梁の上でつくられていて、茅を葺く垂木とは別の構造的な補強のことです。棟木(最頂部の横材)はサスの上にあります。

オダチ組

オダチ(束)とは棟木を支えるために立てられた材のことです。古民家などの合掌造りではオダチ組とサス構造が一緒に用いられている例もあります。

木造軸組工法(在来工法)でも梁の上に束を立て棟木や母屋などの横材で垂木をうけ屋根を構成しています。

小屋組みという考え

4本の柱や梁で構成された骨組みの側面が外壁となり、上部に独立して屋根を設けることになったわけですが、この屋根構造を小屋組みといいます。

※サス構造やオダチ組も小屋組みの屋根構造の一種です。

屋根と外壁が細分化されることで屋根の荷重を支えるための小屋組みは独自に発展してきたわけですが、現代では和小屋洋小屋に大別されています。
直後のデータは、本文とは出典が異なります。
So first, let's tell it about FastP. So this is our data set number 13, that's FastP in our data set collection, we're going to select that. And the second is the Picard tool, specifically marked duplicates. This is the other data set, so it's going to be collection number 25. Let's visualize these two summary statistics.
寺社仏閣など屋根が大きくなるにつれて小屋組みをしっかりとつくることが重要となってきます。

まとめ

屋根を如何に作るかという観点から古代住居の小屋組み構造を見てきたわけですが、建築要素ごと細分化することで技術的に発展してきたことは大きいと思います。
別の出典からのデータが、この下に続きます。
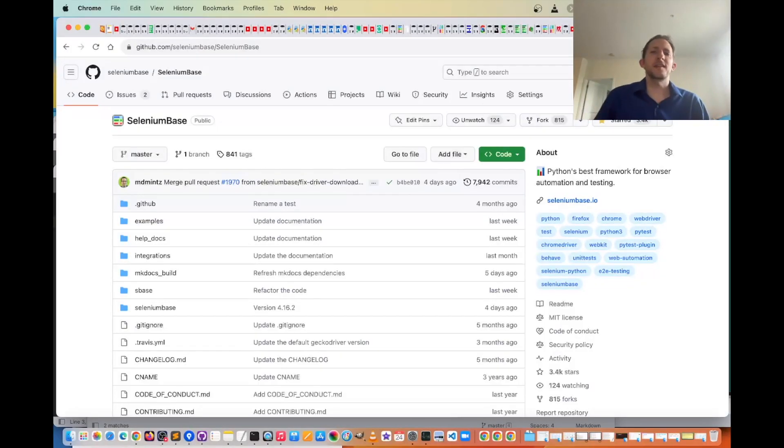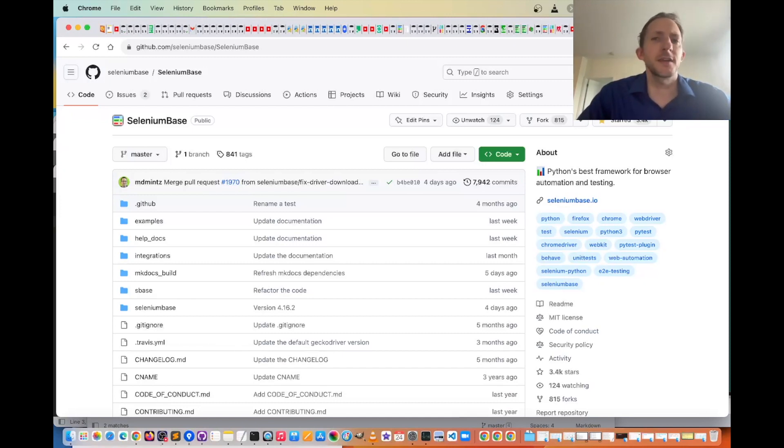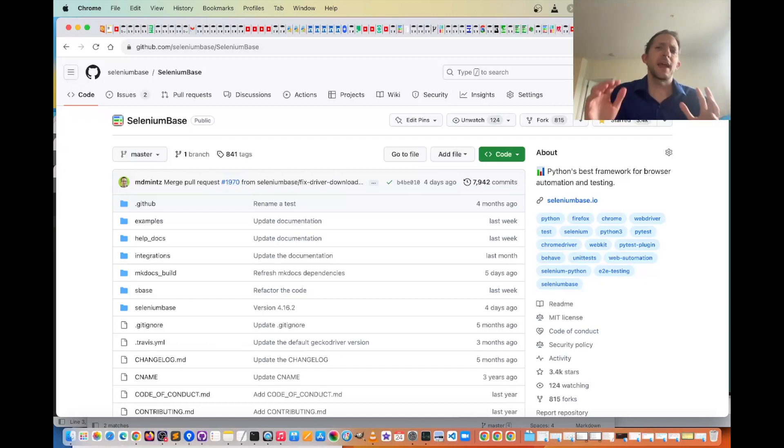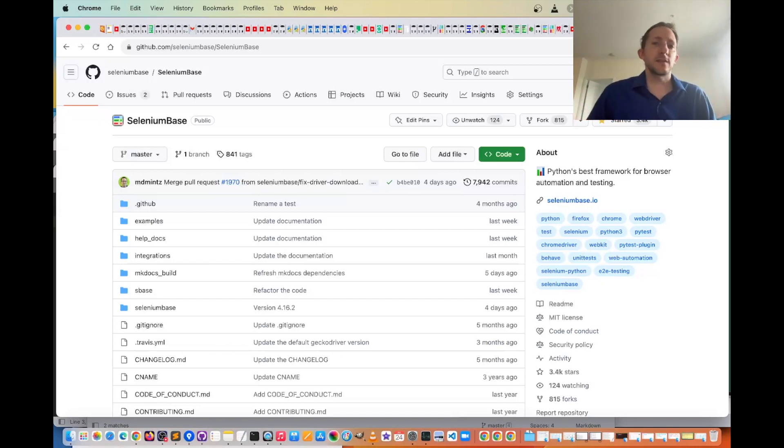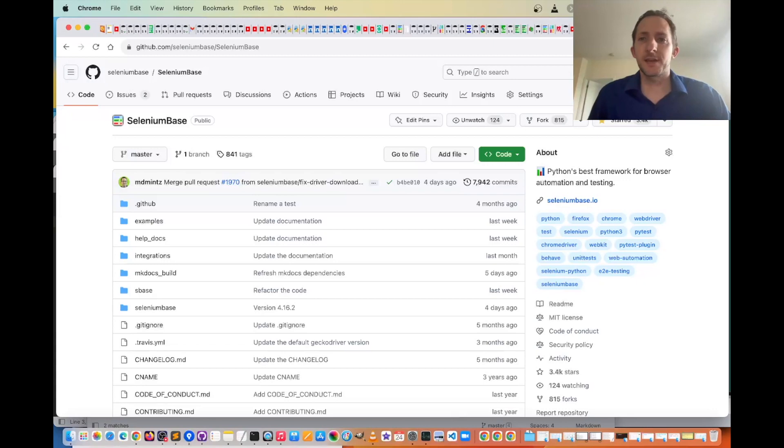Hey everyone. In today's SeleniumBase tutorial, we're going to be talking all about iframes and what makes them different from a standard web page, and how you can interact with elements inside of an iframe when using SeleniumBase.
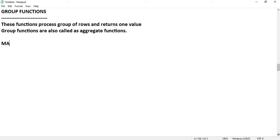Today we will talk about MAX, MIN, and SUM.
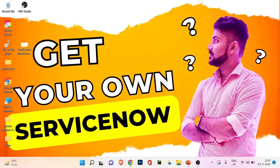Hey everyone, my name is Pritam and you're watching Tech with Prit. Welcome to my channel. This is the 19th video of our ServiceNow technical series. In my last video we covered how to create custom tables, add different types of fields, and manage tables with filtration like incident and change tables. If you missed that video, the link is in the description and also on screen.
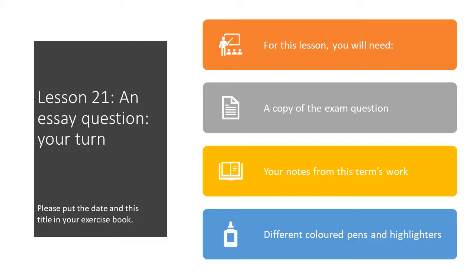Good morning Year 9, I hope you're well and having a lovely day. Please rewrite the date and title and essay question for this term. For this lesson you'll need a copy of the exam question, your notes from this term's work, and different coloured pens and highlighters.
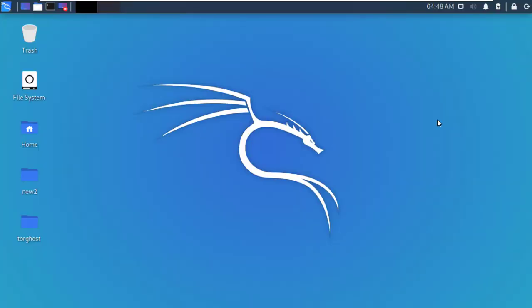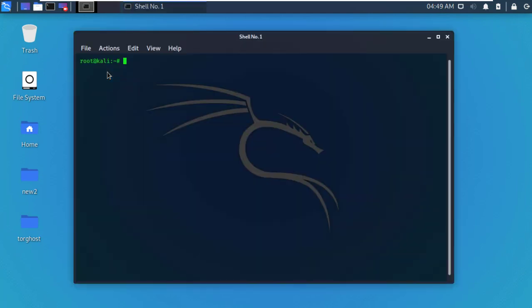Hello friends, welcome back to my YouTube channel. Today I will show you in this video how to install Mono development in Kali Linux. Without talking too much, let's start. First, open Kali Linux terminal and update your machine.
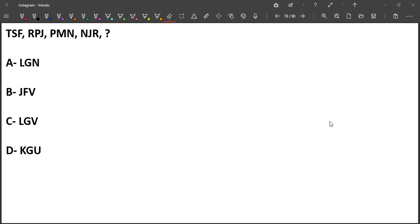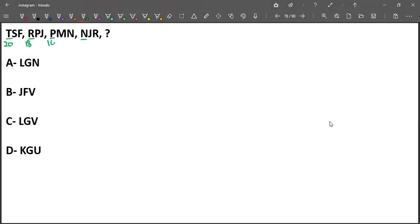Let's see this. Let me address the first letter. T is 20, R is 18, P is 16, and N is 14. So 20, 18, 16, 14 - we are doing minus 2. So here the first letter should be 12, which is L.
①掘立柱から礎石を用いるようになることでの現場加工での手間を省けたり、部材の精度を上げ大量につくることが可能になった

②垂木が地面と接してつくることから梁の上に屋根を設けるようになったことによるサス構造やオダチ組の技術的な発展

③寺社仏閣など屋根が大きくなるにつれて小屋組みをしっかりとつくることの重要性

など、現在の木造建築を考える上でも屋根の小屋組みを考えることは重要です。

キャンプなどでも上級者になるとテントを張らないでタープとハンモックだけでキャンプを楽しむのが常識となりつつありますが、このタープつまり屋根をつくることが古代住居でとても重要であり、この小屋組みに着目して遺跡などの復元建物を見学すると新たな発見があると思います。